# eating it up on coosa river



## BOLTACTION (Oct 2, 2007)

went out saturday on lay lake the water is bad low had to drive off end of boat ramp into mud to launch .buy 10:00 i had 9 spotted bass 1 1/2 to 2 1/2 lb missed around 20 hits . look for any current on points fish from down side carolina rigged zoom champaine chartruse retrive real slow .let it just flutter in the current an hold on.


----------



## bamasam (Sep 27, 2007)

Now if we only had :takephoto


----------



## Stuart H. Brown (Oct 4, 2007)

I've been wanting to try the Coosa. Are the rapids too much for a 16' jon boat? I have a canoe but thought Little Johnny would be more comfy. Fish the Tallapoosa a good bit and was wanting to get into some rapids. Sounds fun. SHB


----------



## bamasam (Sep 27, 2007)

Not too many rapids in the coosa river, I think if you are wanting rapids you might try the cahaba river. Where he is talking about is Yellow Leaf Creek off of the Coosa. It is a long creek with a width on the average of 60' with numerous holes and slews for bass, crappie, stripe and of course cats and brim.


----------



## spearit2 (Oct 3, 2007)

there are rapids on the coosa and tallapoosa, you just got to go near the fall line, on the tallapoosa would be near tallassee alabama, below thurlow dam, and on the coosa, near wetumpka below jordan dam... below jodan there are some great shoals full of big spots, would be perfect for kayaking.. I fish below dams alot, there has not been as much water this year, but the fishing has still been ok... stripers are up near martin dam on the tallapoosa right now..


----------



## bamasam (Sep 27, 2007)

Jordan is good for big slab Crappie. We have a few spots over there that usually produce. Where we are talking about on Coosa is closer to Logan Martin dam. You just have to be carefull where you go in the shallower creeks because the water level has been LOW LOW this year. I havent fished much around Tallapoosa so I dont know that area. If you want a real rush get close to Logan Martin dam then let them open up the gates :banghead:banghead Rapids aint nothing compared to that :letsdrink


----------



## RUSTY (Oct 2, 2007)

I grew up fishing Lay Lake around Cedar, Peckerwood and Paint Creek. Would probably get lost there now.


----------



## BOLTACTION (Oct 2, 2007)

same lake diffrent shore line.still full of large heads,spots & slabs.


----------



## Stuart H. Brown (Oct 4, 2007)

Here are some pics of some Tallapoosa Bass.
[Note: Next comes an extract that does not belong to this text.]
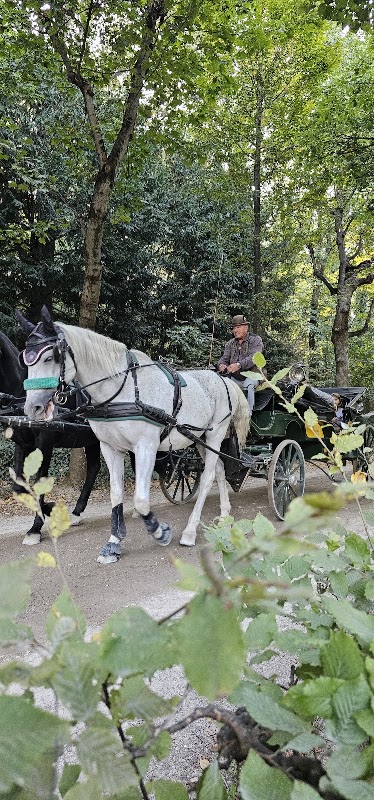 Tennisplatz - HBLFA für Gartenbau Schönbrunn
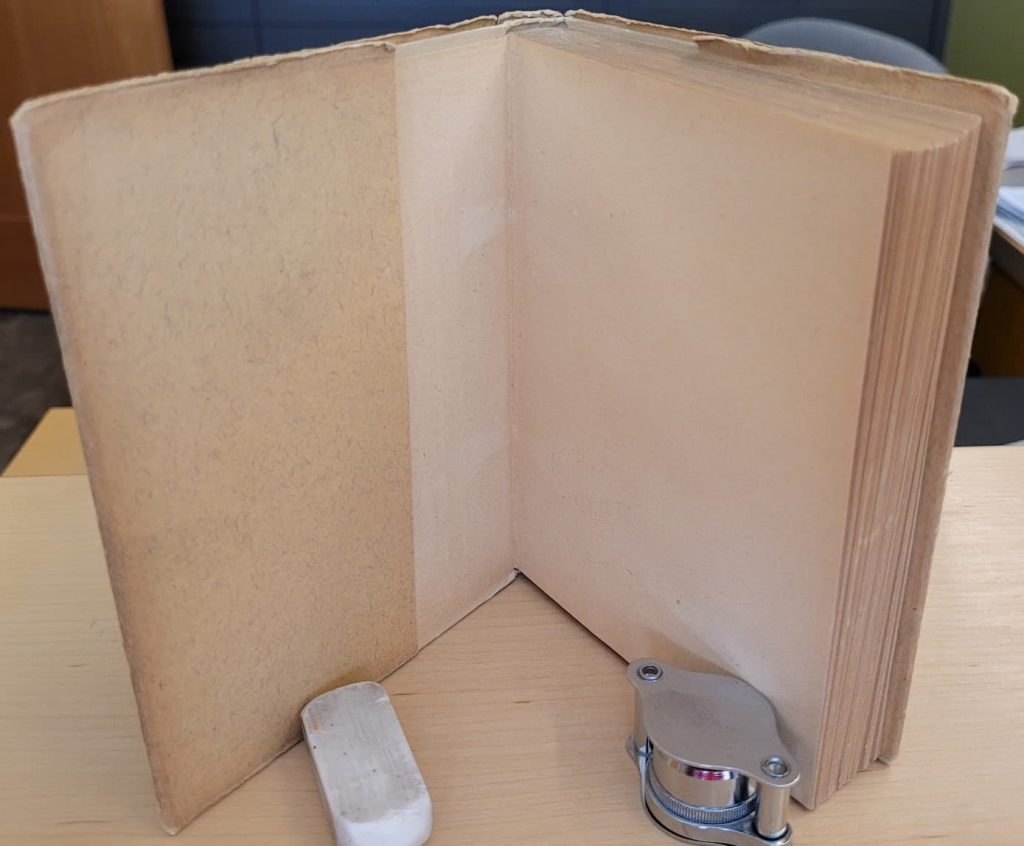 Front flap, pastedown and FFEP of Bochoravko's wordless novel, Z Mého Dětství.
Right near Emerald Mt. Toll Rd. Thought they were Largemouth but maybe Spots. Can you tell?SHB


----------



## bamasam (Sep 27, 2007)

best I can tell from the pics they look like largemouth to me.


----------



## BOLTACTION (Oct 2, 2007)

to tell the diffrence between a spot & a large head is a spot will have rough tip on the toung.a large head will a slick tip on itstoung


----------



## NoMoSurf (Oct 2, 2007)

And a largemouth will have a mouth that extends back past his eye. The spot's mouth ends right before/under the eye. I have caught alot of spots in the oxbow ponds on the coosa over the years but have never caught one IN the coosa. I have only caught brim and have seen LOTS of LARGE catfish laying up near the banks.


----------



## FlyLipps (Oct 3, 2007)

Stuart,



Is that "Little Johnny? And, if it is, are you sitting on top of "your new poling platform" in that first photo? If that is the case, you best not count on me poling you around come the end of the month!!! I must confess, I considered poling from atop a cooler as you suggested, but that isn't exactly the cooler I had pictured in my mind.


----------



## Stuart H. Brown (Oct 4, 2007)

Yes, that is my poor mans poling platform/leaning post. We can always upgrade to a 128 quart. You won't have time to pole anyway with all that casting going on. We may have to head to the Tallapoosa for some carp. They're still haunting me. SHB


----------



## gocatchfish37 (Jul 14, 2008)

Good report


----------



## gocatchfish37 (Jul 14, 2008)

good report


----------